What does a normal work week look like for a marketing manager/announcer?
“Mondays and Tuesdays, I’m in the office going through the past weekend, updating the website, emailing sponsors, sending recaps to the sponsors as well as pictures, letting them know what happened, who won what and what’s coming up,” Anderson explained. “I like to let them know how they’re spending their money.
“Wednesdays, I start to prep. I dig through stats, get them updated and try to figure out what cars will be there. On Thursdays, I like to get my notes in line for the weekend. I make sure all sponsors are up to date and current, if we’re on pay-per-view or not, schedule some tweets, whatever needs to be done.”
Race days are what Anderson looks forward to most. It’s what he works all week for.
“I usually try to get to the track by one o’clock,” he said. “I’ll spend the first couple of hours going through notes, make sure banners get hung and the draw gets done. Once the cars are there, I walk around to try and get a story and a feel for what’s happening, whose run well, find out if any of our partners are there and make sure to give them a little extra love.”

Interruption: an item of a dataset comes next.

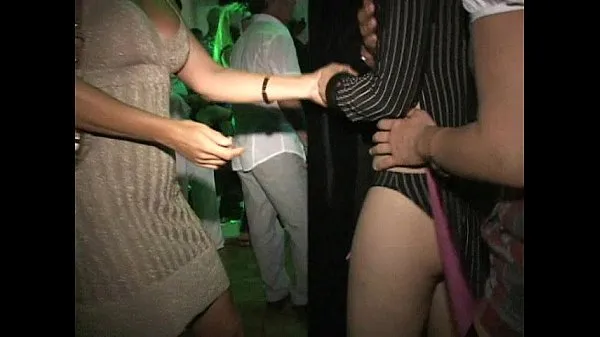 Want to be popular at swing orgy?Young MILF cocksucker cuntlicker shows how ताज़ा क्लिप्स देखें
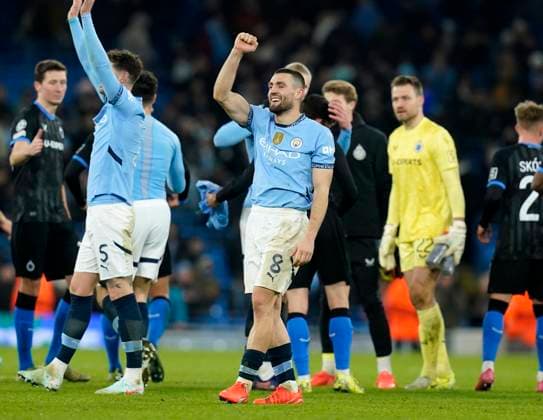 Manchester, England, 29th January 2025. Manchester City s Mateo Kovacic celebrates at the final whistle during the UEFA Champions League match at the Etihad Stadium, Manchester. Picture credit should read: Andrew Yates Sportimage EDITORIAL USE ONLY. No use with unauthorised audio, video, data, fixture lists, club league logos or live services. Online in-match use limited to 120 images, no video emulation. No use in betting, games or single club league player publications. SPI_079_AY_MAN_CITY_BRUGGE SPI-3642-0085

For Anderson, being an announcer takes a lot of prep work.
“It’s a lot,” he said. “Seventy-five percent of my work is in the marketing realm, whether it’s social media or marketing. People know me from the announcing, that seems to get more attention, but when you have a small series like we do, you have to be able to do more than one thing.”

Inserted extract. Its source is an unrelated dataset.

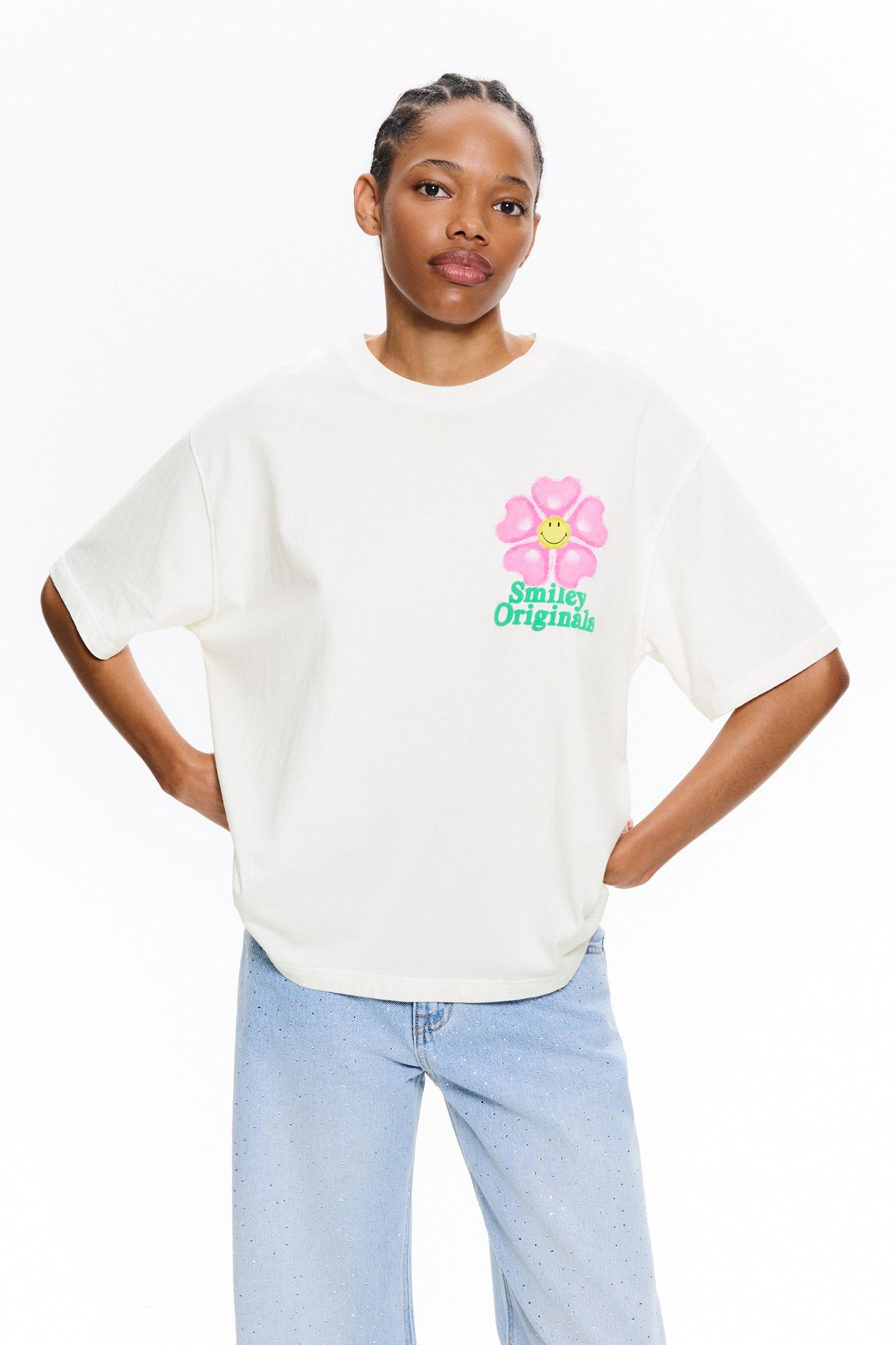 Smiley flower T-shirt Product Image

On an average, Anderson attends 100 races a year and announces at roughly 70 to 80 of them.
Despite being full time with the All Stars, Anderson squeezes in a few extra races.
“I’ll come in as a contracted employee for Eldora, Chili Bowl or World Racing Group,” he noted. “My favorite event that I get to announce is the Knoxville Nationals. It’s my home. The Chili Bowl is up there, too. The announcers I get to work with there, they’re some of the better announcers in the country, so it’s cool to get to work with them. The fact that they asked me to announce there is pretty incredible.”
One announcer Anderson still reaches out to for advice is MRN radio broadcaster and Knoxville Raceway announcer Tony Bokhoven.
“He’s someone I still lean on to this day,” he said. “I can pick up the phone and call and he’ll tell me it, whether I want to hear it or not. He’s always there to guide me. He was very instrumental in helping me get to where I am today.”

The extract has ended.